I asked Bergmann why there hadn’t been a book about New Work. He said that although there was one in German, the time still wasn’t quite right to publish its translation in English or to write a long article about New Work for a major American magazine, as if these things were in his hands to decide. (Since I met with him six years ago, Bergmann has self-published two e-books of conversations about his theories on work.) He also told me he’d chosen over the years not to spend time overseeing a New Work pilot project, and that neither writing nor management were the best ways to make New Work come alive. The real answer, he thought, was money. New Work, he said, had had a close call in Detroit in 1994, when the city council was voting on either New Work or casinos. Articles were written in defense of Bergmann’s ideas and there was a series of programs on Detroit public-access television called “New Work for a New Generation.” But the casinos won by a pair of votes.
In search of more information, I tracked down Bergmann’s main South African contact, a woman who had been a deputy minister in the government and was currently working as a part-time advocate for New Work. She said the problem was raising $50,000 to $100,000. I asked her how hard could it be to get that kind of seed money. She hitched her eyebrow and looked at me like I was a piece-of-shit American capitalist. She said that when Bergmann makes a pitch the investors love it, but then they complain that the plan needs to be more practical, at which point he bristles and refuses to compromise. They’d started a community garden in a township called Orange Farm, but it wasn’t going well—when I asked where it was, hoping I’d be able to visit, she changed the subject. If you google “New Work South Africa,” the only sites that come up are government pages about work permits and visas. If you search for “Frithjof Bergmann South Africa,” you find videos of Bergmann talking abstractly about what New Work might be, about why the job system is a residue of industrialism that we need to let go of, about how a person, in order to properly work, has to figure out what they “really, really want to do.”
I met one last time with Bergmann and his South African group, which consisted of the minister lady, her grown son and her son’s friend. I sat and listened as they talked about vague plans for a concert in Johannesburg involving musicians from both the U.S. and South Africa. The concert would be an elaborate cross-cultural catalytic promotion for New Work. I bit my tongue, thinking to myself that this is what New Work has been for the past twenty or thirty years: Bergmann talks, lesser souls listen, plans are drawn up, pleasantries are exchanged and nothing happens. Bergmann then gets on his horse and rides onward to the next cosmopolitan gathering, and the process repeats. It made me think of him as a Quixote-like fool—persuasive, charming, always on the move and yet dedicated to a world that will only ever exist in his head. The running gag in Cervantes’s novel is based on the distance between how gloriously the Don thinks of himself and how shabby and hapless and impotent he is in reality. The running gag about Bergmann is that his declared task is to change how we work but his restless, jet-setting lifestyle prevents the kind of steady, show-up-everyday-and-get-shit-done-type commitment that making New Work a reality would actually require.
●
Bergmann flew to Cape Town the next day, not offering to let me see whatever was going on there. I spent another week and a half in South Africa, but I wouldn’t see him again until I visited him in Ann Arbor six months later, along with a friend I was hoping to impress romantically by introducing her to the interesting and important people I knew. She was not impressed.
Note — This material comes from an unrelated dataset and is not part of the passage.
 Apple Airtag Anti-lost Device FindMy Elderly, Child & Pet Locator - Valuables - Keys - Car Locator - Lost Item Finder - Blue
Bergmann is well into his eighties now. I haven’t talked to him on the phone for a few years, but I get updates via my professor friend who used to be his student. He’s had health issues and has had to hunker down in Ann Arbor more often than he’d like, and his temper’s gotten short. Recent videos on YouTube show him with white hair and a bushier beard that makes him look like late-period Marx, at least if Marx had worn a black, leather motorcycle cap like Marlon Brando in The Wild One. He still describes himself as being “frantically busy,” declaring optimistically that New Work is just around the corner. His voice still sounds like the voice of a believer.
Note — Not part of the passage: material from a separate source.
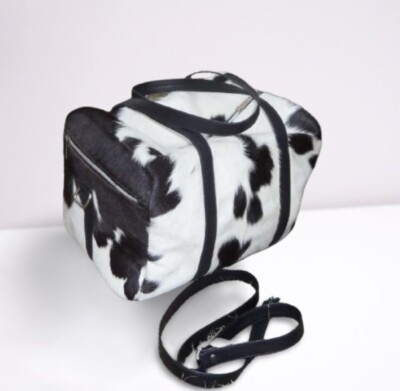 Solo Camping Personalize Cowhide Duffel Overnight Trip Unisex Leather Travel Bag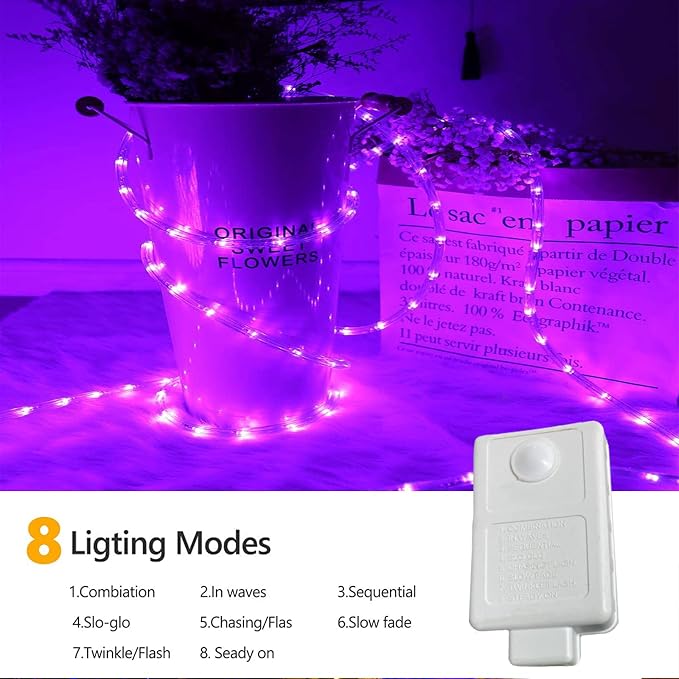 100ft LED Rope Lights Outdoor, 720 LED Connectable and Flexible Tube Lights - Image 3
Image credits: Erica Prince, “Planet” and “Moon,” from the Extragalactic series
Six years ago I won a video contest the U.S. State Department put on as a way to publicize a social network they’d built for the alumni of exchange programs. The theme of the contest was the highly platitudinous “Your Culture + My Culture = ?” I made a video about a half-baked research trip to China I’d gone on as an undergrad during a summer vacation. I had met some Chinese college students who were playing Ultimate Frisbee (which they’d been taught by study-abroad Westerners) and had filmed some of their games, so I submitted a video about them and their charismatic captain. The prize was a trip to any country in the world that had a benevolent diplomatic relationship with Washington. I wanted to go somewhere far enough away to justify a free round-trip plane ticket, but somewhere I could still use English. I chose South Africa, my aim being to track down in Johannesburg a German-American philosophy professor named Frithjof Bergmann.
●
Just before I graduated from college, I wrote a paper called “Progress or Apocalypse.” Ensconced as I was within the cushy, leisurely, totally unrealistic and unsustainable undergraduate nutshell, and susceptible as I was to any sort of over-the-top utopianism or apocalypticism, I wrote the paper about two lectures I’d heard on campus that spring, one by the pessimistic environmentalist Derrick Jensen and the other by the Panglossian eco-architect William McDonough.
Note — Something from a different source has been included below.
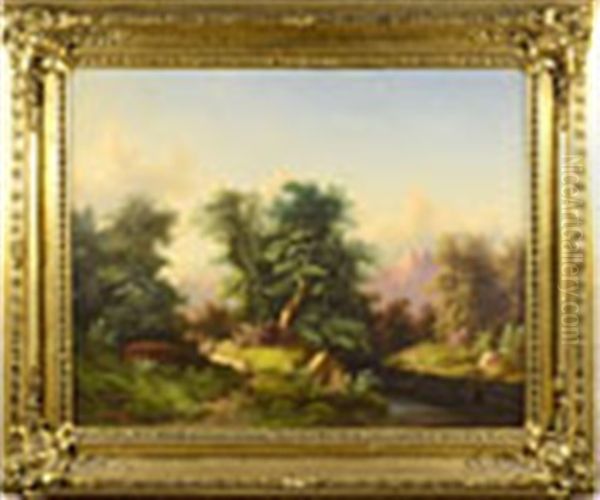 Mountain Landscape With Staffage - view 1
Jensen and McDonough both began their lectures with the same apocalyptic vision: human civilization is killing the earth and will soon be killing itself. Jensen’s response was that civilization and its cities must be dismantled and deactivated so that we can return to a simpler and more rural way of living, in harmony with plants and animals and the patterns of the earth. He said we could either wait for society to collapse on its own and risk total destruction, or take it apart now and try to salvage something. “Violence is incredibly effective,” he said. He delivered his lecture while sitting cross-legged on a chair. His hair was fluffy and greasy, and he wore a teal sweatshirt that had an embroidered duck on it. Jensen’s lecture reminded me of what Ted Kaczynski wrote in his “Unabomber Manifesto”: “If the system breaks down the consequences will still be very painful. But the bigger the system grows the more disastrous the results of its breakdown will be, so if it is to break down it had best break down sooner rather than later.”
McDonough’s reaction to the impending apocalypse was basically the opposite: the system, he thought, would give us architects, scientists and chemical engineers as our gods and saviors. McDonough cycled through a stylish PowerPoint presentation while talking about his illustrious career creating eco-friendly buildings like the headquarters of the Environmental Defense Fund or the Ford River Rouge Complex assembly plant, and co-authoring a book about industrial recycling called Cradle to Cradle. He ended his lecture by showing sketches of the eco-cities he had been commissioned to design by the Chinese government. He asked what our intention as a species should be. He suggested modestly: to love all the children of all species for all time. People in the audience were crying. McDonough said it took human beings thousands of years to put wheels on their luggage. If such a simple solution to an everyday problem could have escaped us for so long, then maybe the answer to looming economic catastrophe is right under our noses. He wore an all-black suit and a red bow tie. The skin of his face and his balding pate glowed with satisfaction.
And I totally bought it. Like Agent Mulder of The X-Files, the unstated motto of my life in those days was “I want to believe.” I wanted heroes to worship and models to imitate. I concluded my “Progress or Apocalypse” paper by saying McDonough’s philosophy was the right way to do business: the future instead of the past, creation instead of destruction, hope instead of despair.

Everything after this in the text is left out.